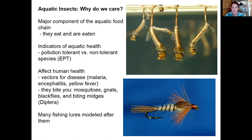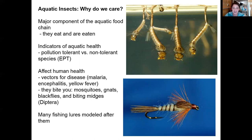Within the EPT groups there are species very tolerant of pollution and others that are very intolerant, so by looking at which species are present you can gauge water quality. Third, aquatic insects have a big influence on human health — mosquitoes are aquatic as larvae and spread diseases including malaria. Many insects are nuisance species; people spend money on screening or citronella candles to avoid them. Finally, since they're a major component of fish diets, many fishing lures are designed to mimic what an aquatic insect looks like.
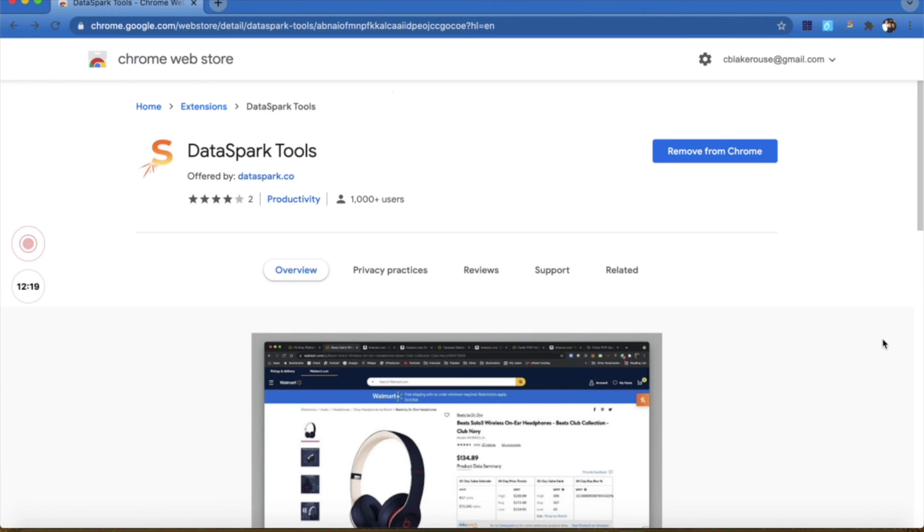Hopefully this look at our Chrome extension was helpful. Please let us know if you have any feedback regarding any of our tools. We would love to chat with you about how they can help you scale and grow your Walmart business. Thank you guys so much and happy selling.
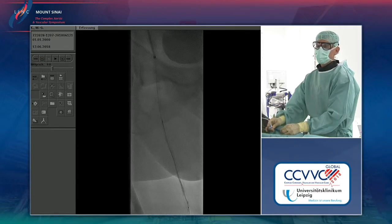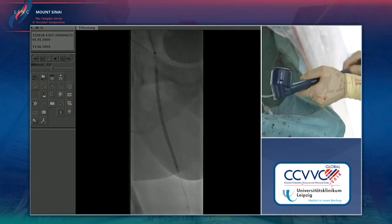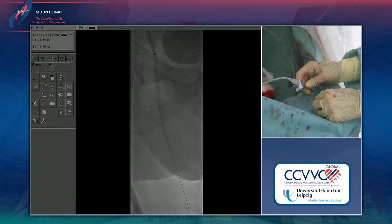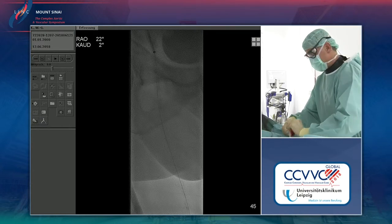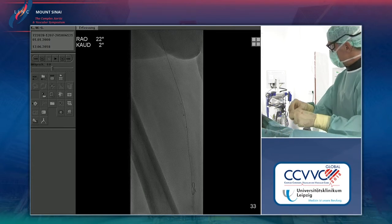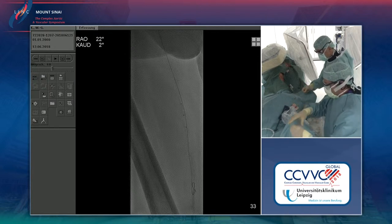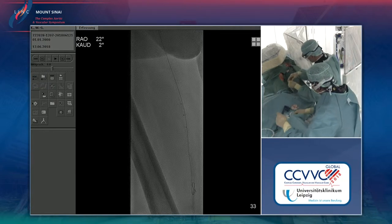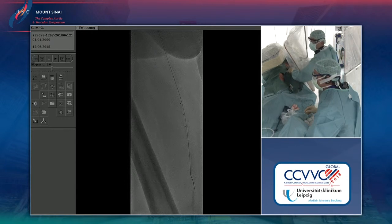I pre-dilated everything up to the femoral bifurcation. Then we take a Judkins five French down to snare the wire. We were prepared to take a four French sheath in distally, which is sometimes necessary, but here we had luck and the four French sheath is no longer needed.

WORK ORDER
Strip out the pictures and repeat the listing above exactly.

ANSWER
Within the EPT groups there are species very tolerant of pollution and others that are very intolerant, so by looking at which species are present you can gauge water quality. Third, aquatic insects have a big influence on human health — mosquitoes are aquatic as larvae and spread diseases including malaria. Many insects are nuisance species; people spend money on screening or citronella candles to avoid them. Finally, since they're a major component of fish diets, many fishing lures are designed to mimic what an aquatic insect looks like.
Hopefully this look at our Chrome extension was helpful. Please let us know if you have any feedback regarding any of our tools. We would love to chat with you about how they can help you scale and grow your Walmart business. Thank you guys so much and happy selling.
I pre-dilated everything up to the femoral bifurcation. Then we take a Judkins five French down to snare the wire. We were prepared to take a four French sheath in distally, which is sometimes necessary, but here we had luck and the four French sheath is no longer needed.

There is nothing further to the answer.